- [INFORMATION PROVIDED]:
===============

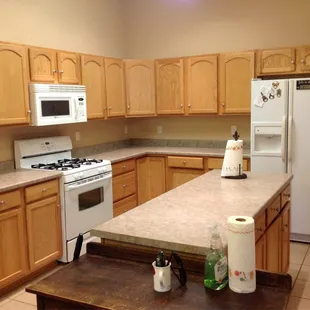 Our kitchen before Andy&apos;s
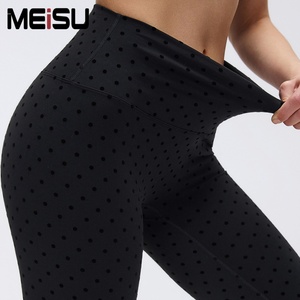 Lulu Style Dames Yoga Set Nulu Gevoerde Jas Hoge Taille Fitness Leggings Zwarte Polka Dot Design Yoga Kleding Workout Tops Te Koop - Product Image 2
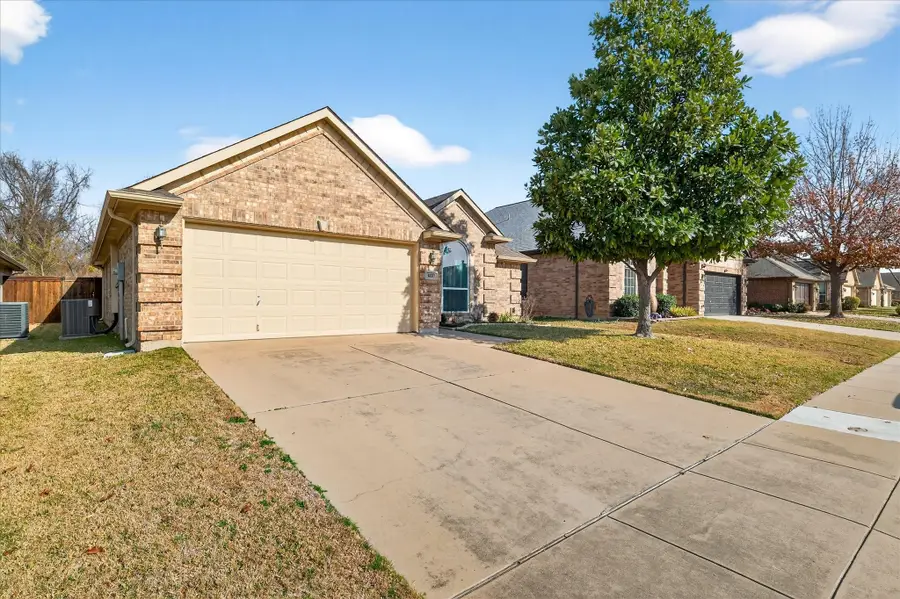 8257 Edgepoint Trail, Hurst, TX 76053 - Image #2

===============

- [WHAT TO DO]: Only the lines from the one containing "Lulu Style Dames" through the last line of the material are to be restated word for word; no picture is to be included.

- [WRITTEN ANSWER]:
 Lulu Style Dames Yoga Set Nulu Gevoerde Jas Hoge Taille Fitness Leggings Zwarte Polka Dot Design Yoga Kleding Workout Tops Te Koop - Product Image 2
 8257 Edgepoint Trail, Hurst, TX 76053 - Image #2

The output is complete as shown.